Access to backup files
- Just because the hosting vendor backs up the files does not mean customers have access to the files. Without access to these backup files, customers are stuck using pg_dump, which means restoring in case of disaster will be slow, and very limiting in functionality.
- Restore processes are based on capabilities of the vendor. Typical questions are: do restores happen to new hosts or overwrite the existing host? Is point-in-time-restore actually possible? Restore to a different region?
High-availability functionality is unique to the Postgres hosting vendor. Some use off-the-shelf tools, which limit tunability.
- There are a number of HA systems for Postgres. How quickly will the HA system respond and attempt to automatically recovery the cluster? Make sure you test recovery often and have statistics on timing.
- Postgres can replicate using streaming, logical, or statement-based replication, each having pros and cons. Which does the hosting provider use and does that fit your needs? Streaming replication is a high-integrity system for replication that checks commits across the cluster against an internal timeline.
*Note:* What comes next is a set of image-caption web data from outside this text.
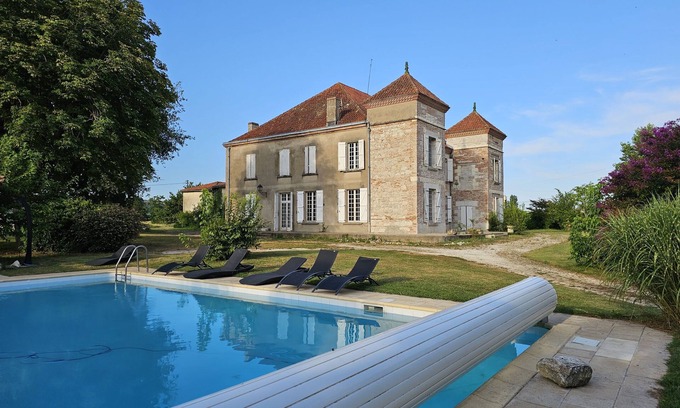 Golfech Other | Elegant Chateau with Heated Pool and Family-Friendly Amenities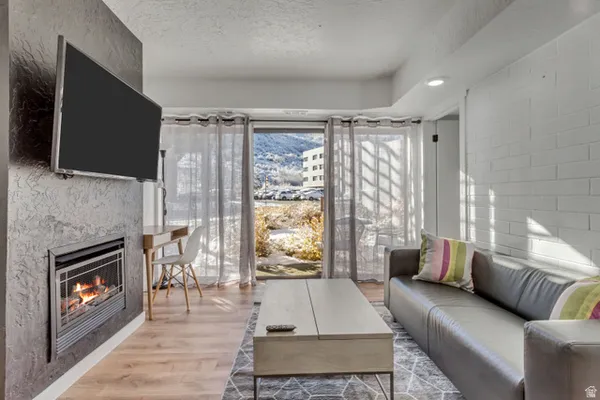 $429,000 | 2000 Prospector Avenue, Unit 101, Park City, UT 84060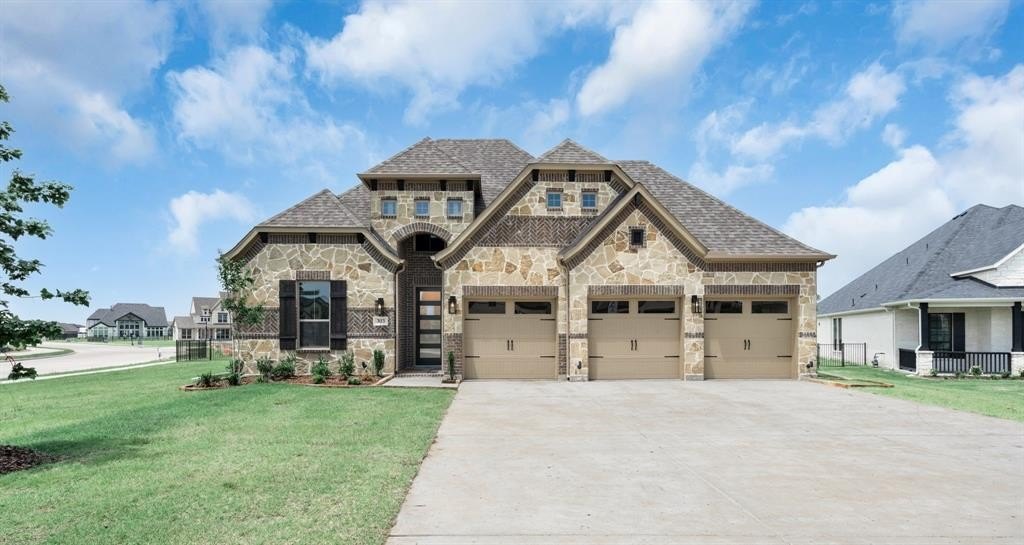 303 Big Antler Court, Heath, TX 75032, 3 Bedrooms Bedrooms, ,2 BathroomsBathrooms,Residential,For Sale,303 Big Antler Court,20812362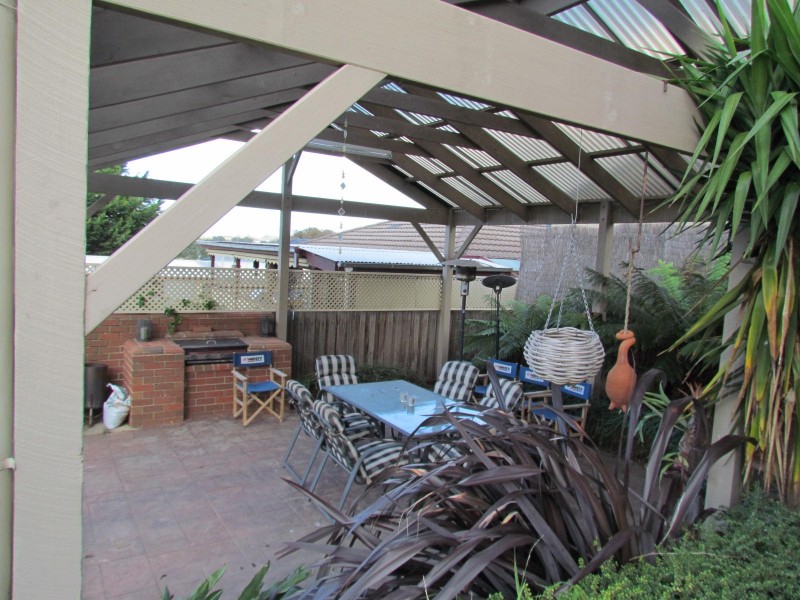 15 Poorinda Rise, Narre Warren VIC 3805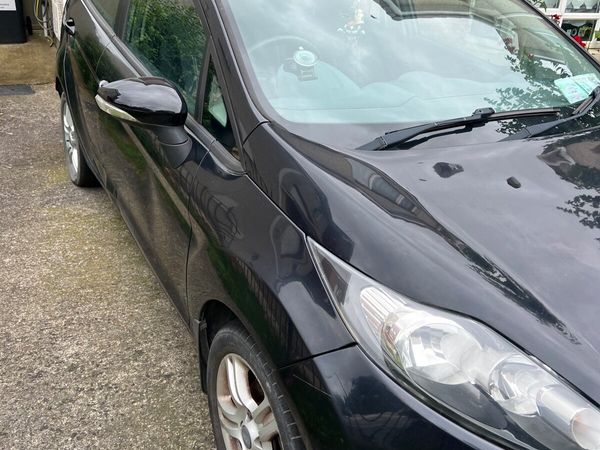 Ford Fiesta Hatchback, Petrol, 2010, Black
- Does the hostname change? Does the failover system have the same system resources as the initial host? When building systems that rely on the database, it is important to program your secondary systems to behave properly as well.
With the cloud, high-availability is no longer a disaster because of the advanced systems. Thus, disasters are client-side issues, like dropping a database, or vendor-side issues, like a data-center failing.
Disaster recovery process
- Will the vendor assist with client-side failures or only on vendor-side failures? If so, what is the initiation process and the SLA for a response time.
Customer-facing tools for client-side failures
- Most client-side failures can be resolved with point-in-time-restore (i.e. restore to the time before the failure). Does the vendor include API programmability to take snapshots of your database prior to large migrations?
Ability to Migrate
Not all vendor relationships work. Many database hosting vendors make it super easy to import data, but export data is a downtime event.
Open Source Postgres
- Migrating from a Postgres-compatible database to an Open Source Postgres database is not as easy as it sounds. Thus, know there probably is not a reverse switch.
- For large databases (greater than 100GB), it is typically best to replicate a database using streaming replication or access to WAL files. This enables minimal downtime migrations. If the vendor claims pgdump is the only migration path for larger databases, migration will require significant downtime.